---
name: entity-creation
description: Guides you through defining a new Honeydew entity from a data warehouse source — covering source type, granularity key, and initial attribute mapping — then pushes to Honeydew via the MCP tools.
---

## Prerequisites

Before creating entities, ensure you are on the correct workspace and branch. Use `get_session_workspace_and_branch` to check the current session context. For development work, create a branch with `create_workspace_branch` (the session switches automatically). See the `workspace-branch` skill for the full workspace/branch tool reference.

---

## Overview

A Honeydew **entity** is the foundational modeling object — a named, governed representation of a business concept at a specific granularity. Every metric and calculated attribute is anchored to an entity. An entity maps to a data warehouse (Snowflake, Databricks, or BigQuery) table, view, custom SQL query, or a virtual derivation from the semantic model.

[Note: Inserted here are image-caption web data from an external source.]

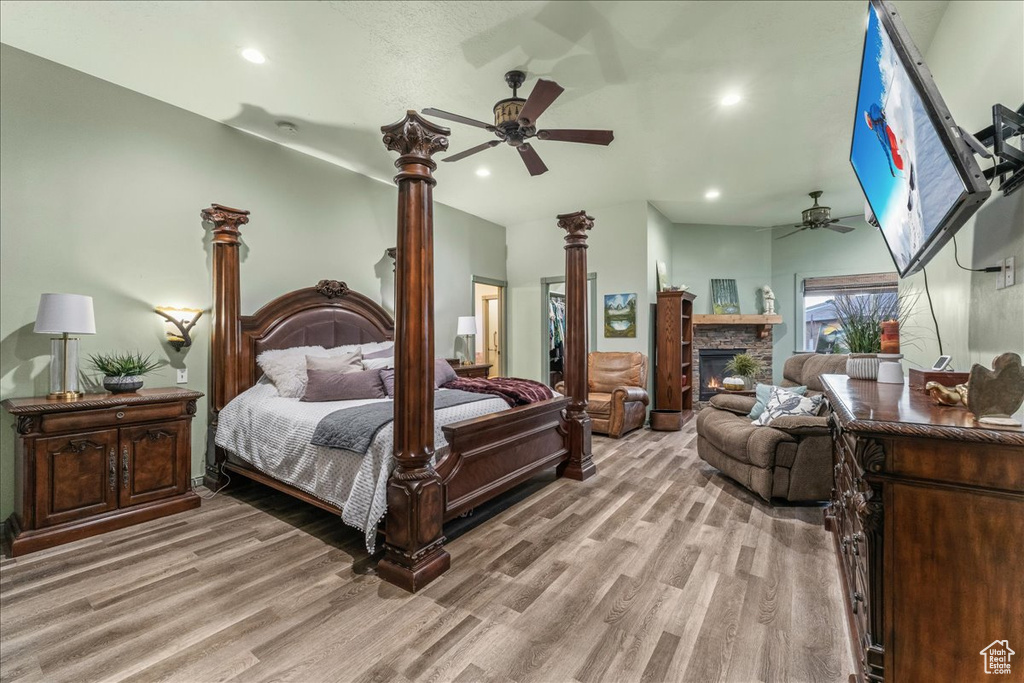Bedroom with ceiling fan, a stone fireplace, and light wood-type flooring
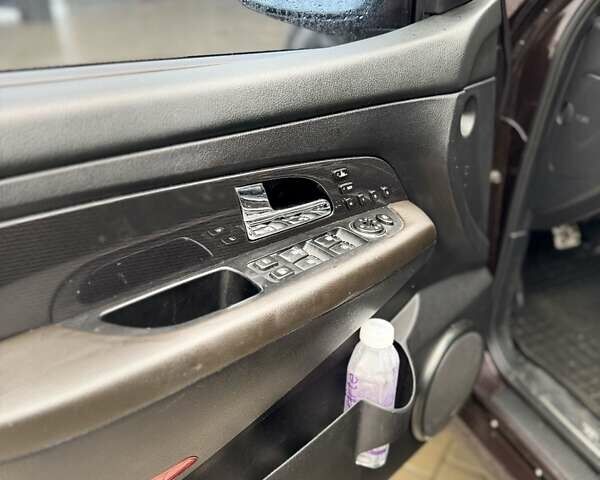 Фиолетовый Cанг Йонг Рекстон, объемом двигателя 2.7 л и пробегом 264 тыс. км за 8500 $, фото 12 на Automoto.ua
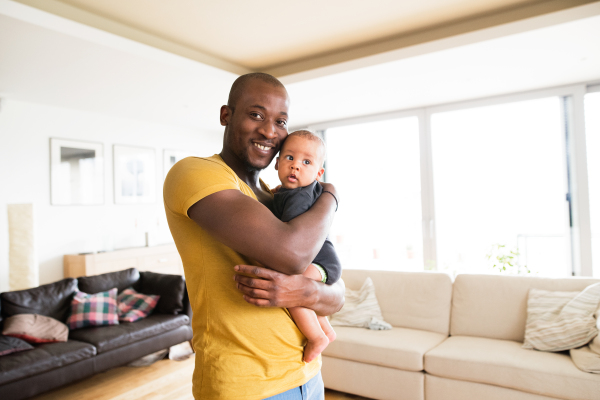 Young afro-american father at home holding his cute baby son in his arms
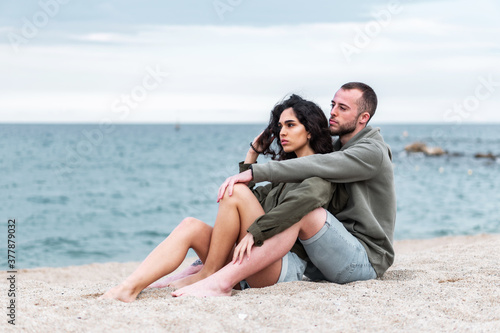 Young couple being sweet and romantic sitting at the beach. Millennial Girlfriend and Boyfriend together at an outdoors photoshoot. People enjoying the beach © David CJ Photography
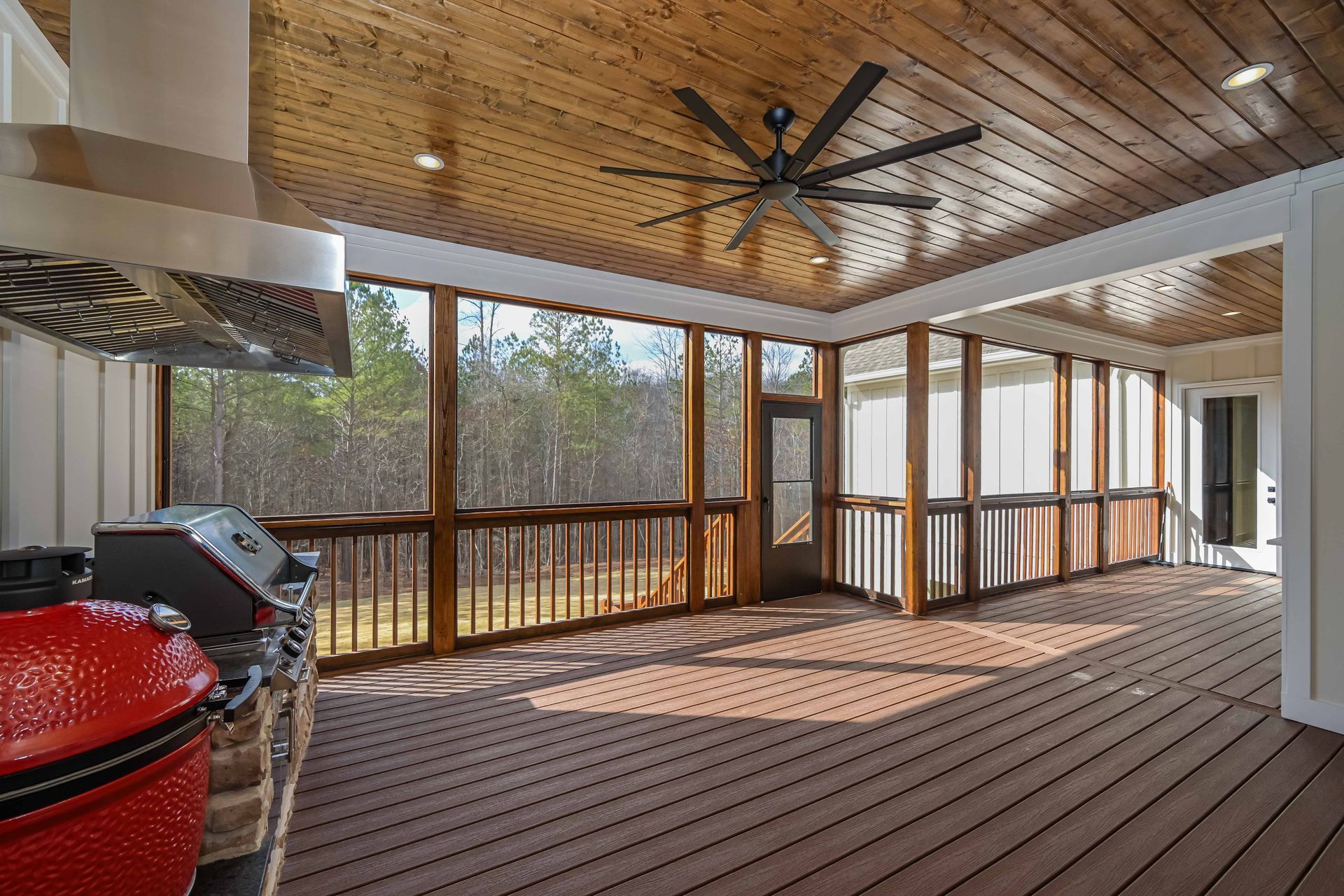 A screened in porch with a grill and ceiling fan.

When creating an entity you are answering three questions:

1. **What is this?** — the business concept (orders, customers, products, locations)
2. **What makes a row unique?** — the granularity key (primary key column(s))
3. **What columns should be exposed?** — the initial attribute mapping from source columns

> This skill focuses on the entity shell: source, key, and attribute mapping.
> Use `attribute-creation` to add calculated attributes and `relation-creation` to wire up joins afterwards.

---

## Creation Methods

### Quick Import: import_tables

Use `import_tables` to quickly import one or more data warehouse tables into the semantic model.
Each table becomes an entity with its columns automatically mapped as attributes. This is the fastest way to bootstrap entities when you don't need custom YAML.

Parameters:

- `tables` — List of fully qualified table names in the format `<database>.<schema>.<table>`

Best for: bulk imports, quick prototyping, or when the default column-to-attribute mapping is sufficient.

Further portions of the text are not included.